RA SM that had been isolated from synovial tissue as previously described, were co-cultured into multiwell flat bottom plates with T cells (Jurkat T cells previously activated with concanavalin-A (5 μg/ml) for 20 hours) for 24 hours, both in the absence and presence of CTLA-4-Ig at various concentrations (100, 500 μg/ml). The in vitro CTLA-4-Ig concentrations to be tested were chosen on the basis of the available literature, suggesting values that are very close to the therapeutic doses used to treat RA [22, 24, 25]. The macrophage/T cell ratio was 1:1.

At the end of the co-culture incubation period, the T cells were removed with several washes in PBS. The RA SM were harvested, washed in PBS, and used for the various test assays. In order to identify macrophages, we performed preliminary immunocytostaining with a specific monoclonal antibody (anti-human HAM56, Dako, Carpinteria, CA, USA). All experiments were performed in triplicate.

Immunofluorescence assay

Slides with cellular spots obtained from cultures of macrophages were seeded into flexiperm chamber slides, then fixed in acetone for 30 seconds, air dried, and rehydratated in PBS. The spots were then incubated with an fluorescein isothiocyanate anti-human CD86 (B7.2) mouse antibody (BD, Biosciences, New York, NY, USA) at room temperature for 45 minutes, washed in PBS, and cover slipped with glycerol medium. Evaluation of the fluorescence expression for CD86 (B7.2) was performed by fluorescence microscopy (Leica, Cambridge, UK).

Immunocytochemistry assay

Macrophages from co-cultures that had been seeded into multiwell flat bottom plates were harvested mechanically and incubated on glass slides for 45 minutes at 4°C, then the cellular spots were fixed in acetone for 30 seconds, air dried, and stored at -20°C until use.

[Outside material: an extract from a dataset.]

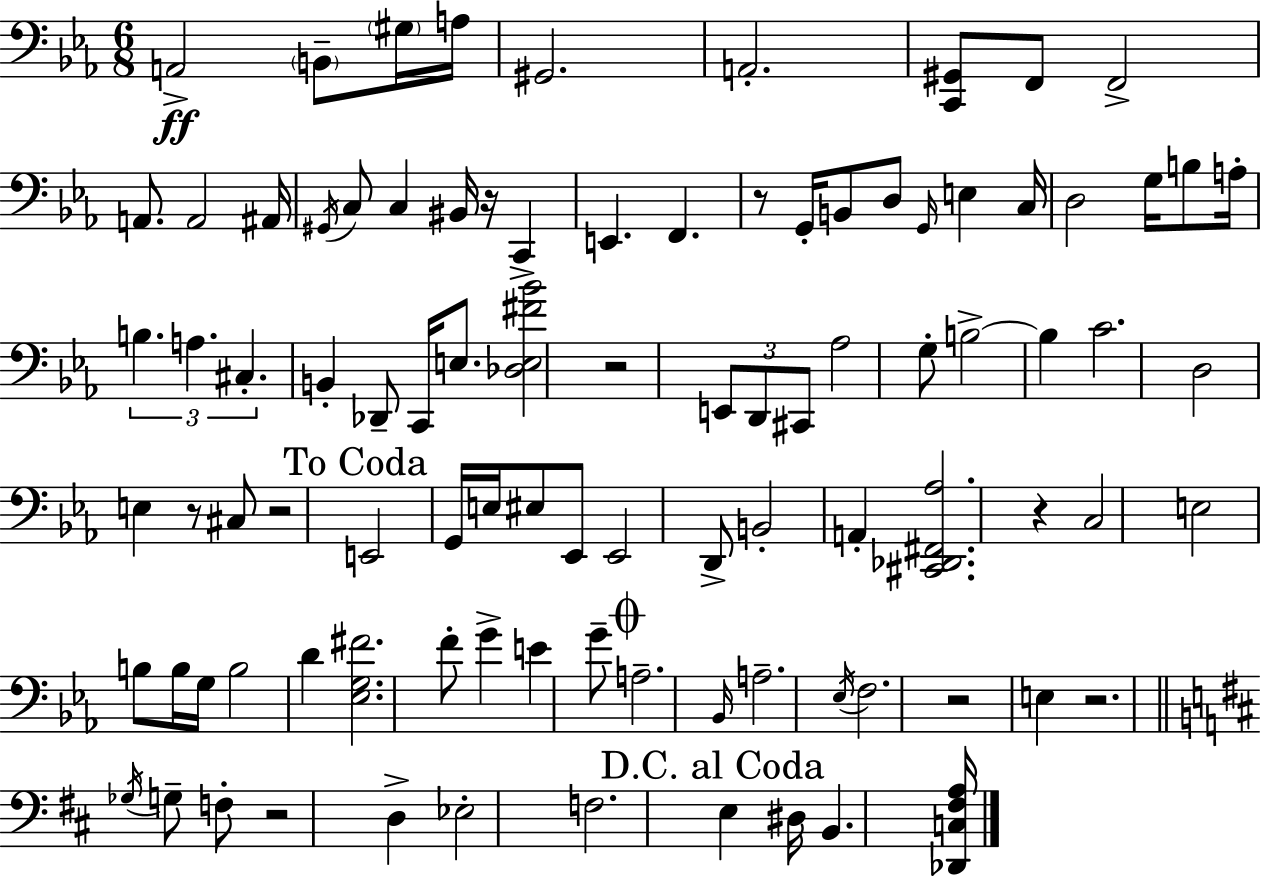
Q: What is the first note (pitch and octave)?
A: A2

After rehydration in PBS, the slides were incubated in a 3% H2O2 solution for 15 minutes at room temperature to prevent non-specific reaction due to endogenous peroxidases.

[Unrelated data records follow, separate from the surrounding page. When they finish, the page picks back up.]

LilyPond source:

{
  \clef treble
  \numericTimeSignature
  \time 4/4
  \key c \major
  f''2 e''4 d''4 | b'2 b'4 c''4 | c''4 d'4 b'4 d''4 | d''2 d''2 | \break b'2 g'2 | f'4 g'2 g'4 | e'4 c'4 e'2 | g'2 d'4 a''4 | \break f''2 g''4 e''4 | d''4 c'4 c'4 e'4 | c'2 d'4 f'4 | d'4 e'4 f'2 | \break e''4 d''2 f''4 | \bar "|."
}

The spots were then incubated with anti-cytokine (anti-IL6, anti-TNFα, anti-IL-1β) and anti-TGFβ monoclonal antibodies (all diluted 1:100 at room temperature for 45 minutes. Santa Cruz Biotechnology, Santa Cruz, CA, USA).

Linked antibodies were detected by a biotinylated universal (pan-specific) antibody and subsequently by horseradish peroxidase streptavidin (Vector Laboratories, Burlingame, CA, USA). Each step was followed by two washes in PBS. The staining reaction was developed by the diaminobenzidine system (DakoCytomation, Dako North America, Inc., Carpinteria, CA, USA). Finally, slides were counter-stained with hematoxylin, fixed with ethanol, and cover-slipped with Eukitt mounting medium for microscope preparations (O. Kindler GmbH, Friburg, Germany). Negative controls were treated the same way, except that the primary antibodies were omitted.

Image analysis of immunocytochemistry slides was performed using the Leica Q-Win image analysis system (Leica, Cambridge, UK). Approximately 100 cells were analysed for each sample, and pixels/mm2 (positive area) were quantified by the Leica Q-Win software (Leica, Cambridge, UK). The individual cells were randomly selected by the operators using the cursor and were then automatically measured as positive areas.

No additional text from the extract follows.